Hotel use has persisted and currently stands at 47,500, despite the Prime Minister’s pledge to remove 10,000 people from hotels immediately
Home Secretary Suella Braverman gave a similar update to MPs when speaking in the House of Commons on Monday, but her Labour counterpart said the government had broken the asylum and had no plan to fix it.
“Why are they in such a mess? They need to be thinking about sourcing an additional 90 hotels. Why have they so totally lost any grip that the backlog and costs are getting worse and worse?”
She added: “Instead of all the press conferences, we need a proper plan. The asylum system is broken, they broke it and there is still no plan today to sort it out.”
But Mr Sunak said: “Our plan is starting to work. Before I launched my plan in December, the number entering the UK illegally in small boats had more than quadrupled in two years. Some said this problem was insoluble, or just a fact of 21st century life.
"They’d lost faith in politicians to put in the hard yards to do something about it. And of course, we still have a long way to go.

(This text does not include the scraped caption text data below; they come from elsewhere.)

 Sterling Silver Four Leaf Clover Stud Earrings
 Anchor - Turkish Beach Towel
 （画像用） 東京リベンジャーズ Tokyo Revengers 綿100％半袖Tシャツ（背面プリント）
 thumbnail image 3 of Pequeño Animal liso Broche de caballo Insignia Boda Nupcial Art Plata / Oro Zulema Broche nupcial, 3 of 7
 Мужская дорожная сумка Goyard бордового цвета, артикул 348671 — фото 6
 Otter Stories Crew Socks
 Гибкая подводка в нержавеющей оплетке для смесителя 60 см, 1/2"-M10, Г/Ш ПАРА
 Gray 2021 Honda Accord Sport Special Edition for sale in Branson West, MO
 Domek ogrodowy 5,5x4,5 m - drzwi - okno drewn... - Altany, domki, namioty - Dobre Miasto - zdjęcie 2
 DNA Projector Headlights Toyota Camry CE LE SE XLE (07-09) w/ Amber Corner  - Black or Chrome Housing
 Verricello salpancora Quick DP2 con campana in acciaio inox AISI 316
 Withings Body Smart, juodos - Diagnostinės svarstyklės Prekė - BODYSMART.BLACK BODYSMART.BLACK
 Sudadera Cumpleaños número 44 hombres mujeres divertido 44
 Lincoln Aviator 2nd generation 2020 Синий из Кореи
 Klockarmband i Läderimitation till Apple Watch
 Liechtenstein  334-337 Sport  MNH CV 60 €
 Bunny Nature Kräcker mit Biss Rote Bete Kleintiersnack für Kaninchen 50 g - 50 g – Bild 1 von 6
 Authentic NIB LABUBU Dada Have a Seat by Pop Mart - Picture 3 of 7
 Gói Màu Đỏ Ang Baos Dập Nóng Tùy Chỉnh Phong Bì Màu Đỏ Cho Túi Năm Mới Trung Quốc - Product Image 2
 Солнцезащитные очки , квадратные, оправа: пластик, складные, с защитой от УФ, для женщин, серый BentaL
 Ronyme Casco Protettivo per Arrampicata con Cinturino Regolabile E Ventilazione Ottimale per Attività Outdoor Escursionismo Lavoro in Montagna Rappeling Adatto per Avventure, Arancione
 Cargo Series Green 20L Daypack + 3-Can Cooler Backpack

But in the five months since I launched the plan, crossings are now down 20% compared to last year."
He added: “If you’re coming here illegally, claiming sanctuary from death, torture or persecution, then you should be willing to share a taxpayer-funded hotel room in central London.
“To reduce pressures on local communities, we’ll also house people on ships, the first will arrive in Portland in the next fortnight and we’ve secured another two today that will accommodate another thousand.”
Labour leader Keir Starmer said: “We need to stop the boats. We’re clear we don't want anyone making that dangerous journey.
"But all we've had from the government is policies that aren’t working, then the reannouncement of the same policy, with a self-congratulatory pat on the back. It feels like groundhog day and it’s costing the taxpayer a fortune.
“There’s a growing sense of frustration about the government’s dither and delay."